I have reflected alot about my marriage and the years we were together before....I know we have both rewritten history, him to make it worse, me to make it better than it was. It is life, sometimes life sucks......but I know this man better than anyone on this earth, we have been best friends and lovers since the day we meet in 1995. I believe in soulmates, I believe in second chances, I believe in forever. I have not forgotten the crap his has done or said and he should not forget the hurt I have caused.....if we can find our way back to each other, it will make us stronger....I am what you call a "stander" I will not entertain the discussion of divorce , my husband has been kidnapped by pod people. BUT I WILL NOT PUT MY ENTIRE LIFE ON HOLD UNTIL HE RETURNS TO EARTH. I will go on, being happy, being the best mom, friend, employee, daughter, person I can be until he realizes what he has lost. And I will help him maintain the best relationship he possibly can with his kids until then. The only thing I will NOT do is date, because my heart belongs to someone else. But that isn't everything....I am going to try my own version of 180. Because he really does need to start feeling the consequences of his choice to leave.......I feel so sad for him, but I believe that he will come back to me someday. I have Faith, Hope and Love that we are meant to be together. 

In the meantime I will start to FIND myself again.....and enjoy life the best I can.


----------



## zillard (Nov 13, 2012)

Lovingwife315 said:


> BUT I WILL NOT PUT MY ENTIRE LIFE ON HOLD UNTIL HE RETURNS TO EARTH. I will go on, being happy, being the best mom, friend, employee, daughter, person I can be until he realizes what he has lost.


Doing these things to make him realize what he has lost *IS* putting your life on hold.


----------



## Lovingwife315 (Dec 10, 2012)

zillard said:


> Doing these things to make him realize what he has lost *IS* putting your life on hold.
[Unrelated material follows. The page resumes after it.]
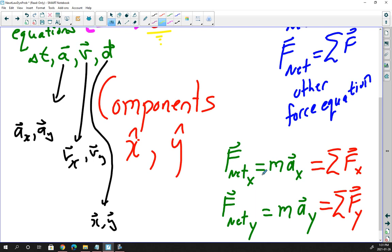Even on the dynamics side, it's not just F_net = ma anymore. It's: F_net x-component equals mass times acceleration x-component, and F_net y-component equals mass times acceleration y-component. When summing up all the forces, you add up all the x-components of the forces together to make one equation, and all the y-components to make the other. These types of questions can only be solved by using components. Now I'm going to go through a bunch of examples.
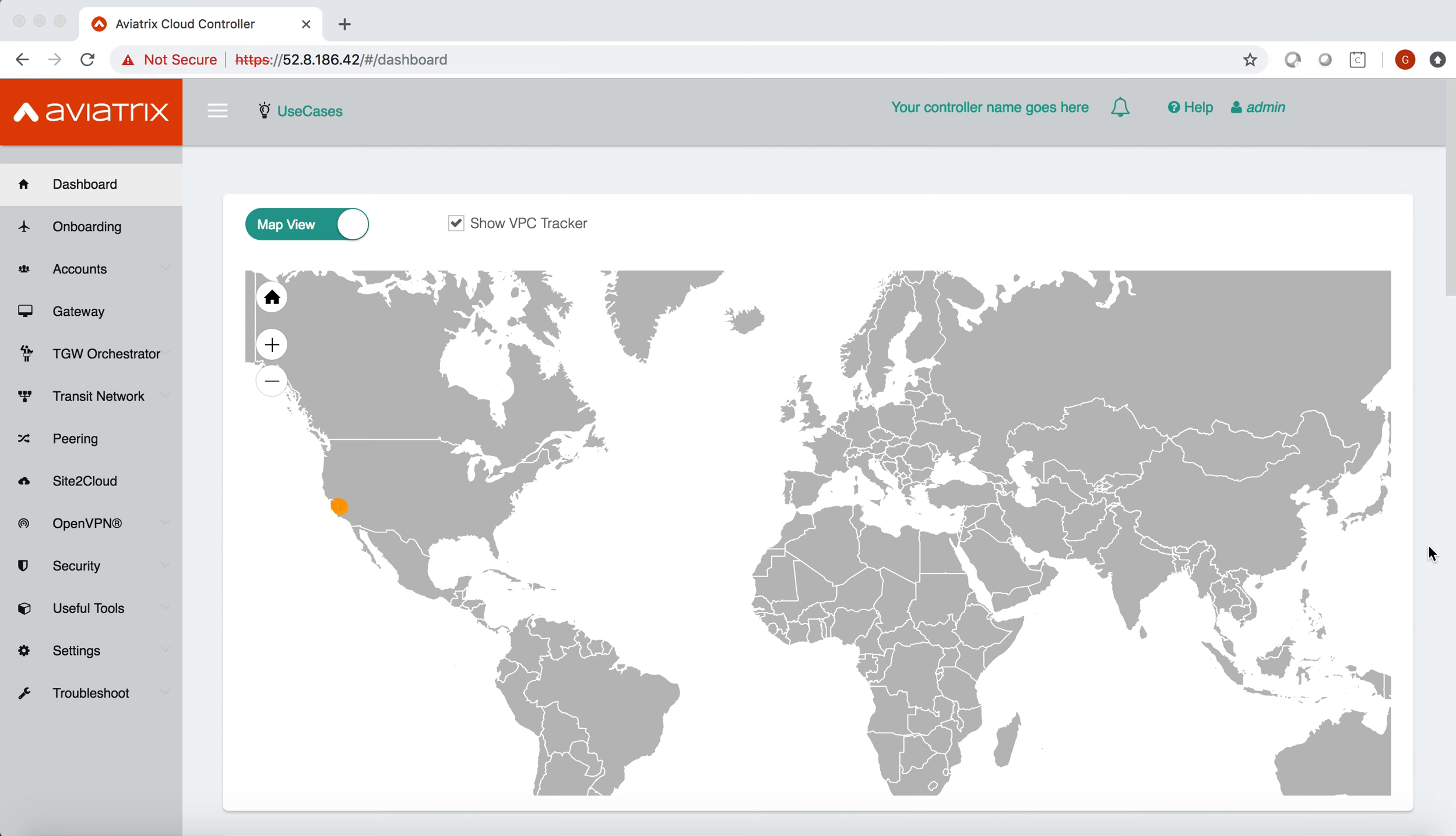This feature comes as a part of our egress security feature and gives you more granular control on how you apply your egress security policy. As you might already know, Aviatrix egress security is a service that filters internet-bound egress traffic initiated from workloads in your VPCs based on fully qualified domain names.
Let me clarify..... I am doing those things for me and my life with my children. Regardless of if he realizes what he has lost.
_Posted via Mobile Device_


----------



## zillard (Nov 13, 2012)

Lovingwife315 said:


> Let me clarify..... I am doing those things for me and my life with my children. Regardless of if he realizes what he has lost.
> _Posted via Mobile Device_


For how long will you do that an not date? 1 year? 5? 20?


----------



## Lovingwife315 (Dec 10, 2012)

zillard said:


> For how long will you do that an not date? 1 year? 5? 20?



I don't know. I don't need just any relationship to fill a void. I will only date when I feel that my heart us free to give to someone else. It would be unfair to another person and me to just date for the hell of it. I don't need to. I love my life. And I am very lucky to have great friends and kids.
_Posted via Mobile Device_


----------